# Help getting started



## chloe (May 2, 2013)

My 8 year old wants to start raising hens and selling the eggs. Where do we start?


----------



## ellis36 (Mar 25, 2013)

(1)Determine if you live in an area that permits such.
(2)Decide if they will be free-range or caged.
(3)Build whatever structures required before getting the chicks.
(4) And, IMO, most of all, realize raising chickens and selling eggs will give a child an immeasurable experience but most likely will not turn a monetary profit.
(A little like a lemonade stand without the ability to easily quit if sales are not forthcoming.)


----------



## GenFoe (Apr 3, 2013)

I read everything I could get my hands on for over a month before we got our chicks. 

Look up chicken blogs, start a Pinterest board if chicken stuff and look through this forum. A wealth of knowledge only helps you in the long run! Good luck!


----------



## CircleT (May 4, 2013)

Others may disagree with me, but i would suggest starting with white leghorns if you are looking for egg producers. They are a smaller chicken so they seem to eat less than the other heavy egg layers do so they will be a littler cheaper for her to raise.


----------



## mjs500doo (May 6, 2013)

chloe said:


> My 8 year old wants to start raising hens and selling the eggs. Where do we start?
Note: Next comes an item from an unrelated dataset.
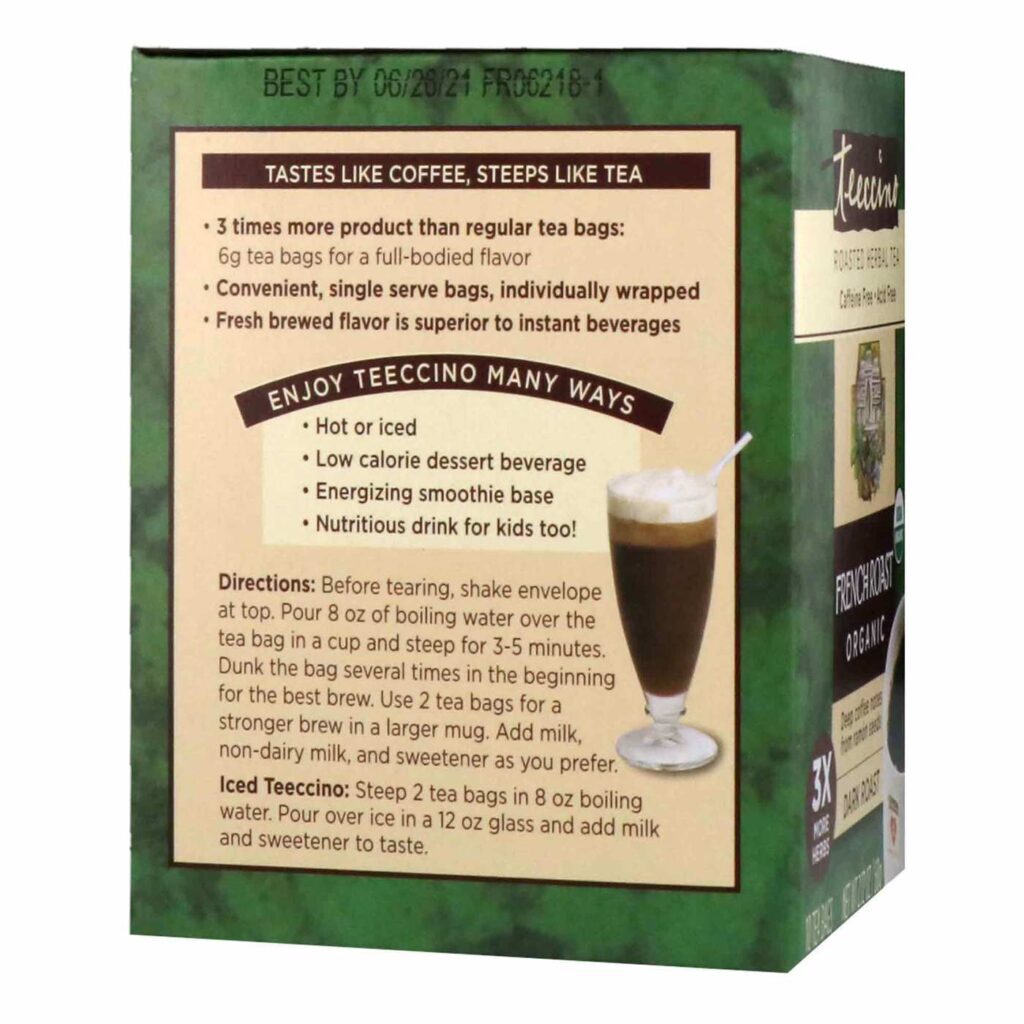 Teeccino Chá de Ervas Francesas Torradas Dark Roast - 10 Saquinhos de Chá - Imagem 4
Honestly are you looking into a project for her? Like 4H where she can become very involved with the whole aspect? If so, I would let her look into some breeds. Let her pick her own. Make sure to talk about that eggs are important, so you need a heavy producer, and if you go further, quality is important. Incubating a batch of chicks is an irreplaceable experience as well.


----------



## chickenlady84 (Mar 20, 2013)

Definetly decide on a breed. 4-H chickens are a good start. If you are selling be sure to Advertise good. Read Lots of Articles and Info. I wish we had read more before getting started. GOOD LUCK! my kids love the chickens especially the chicks.


----------



## Apyl (Jun 20, 2012)

I agre with the first responce. Research everyting! From wether you need permits to the breed you want. To help your 8yo be more invovled I suggest joining 4-H . They have great resorces and promote learning by doing. Also you local county extenstion office can answer alot of your quesitons in regards to locality and chickens. Also check to see about fees and permits for selling.


----------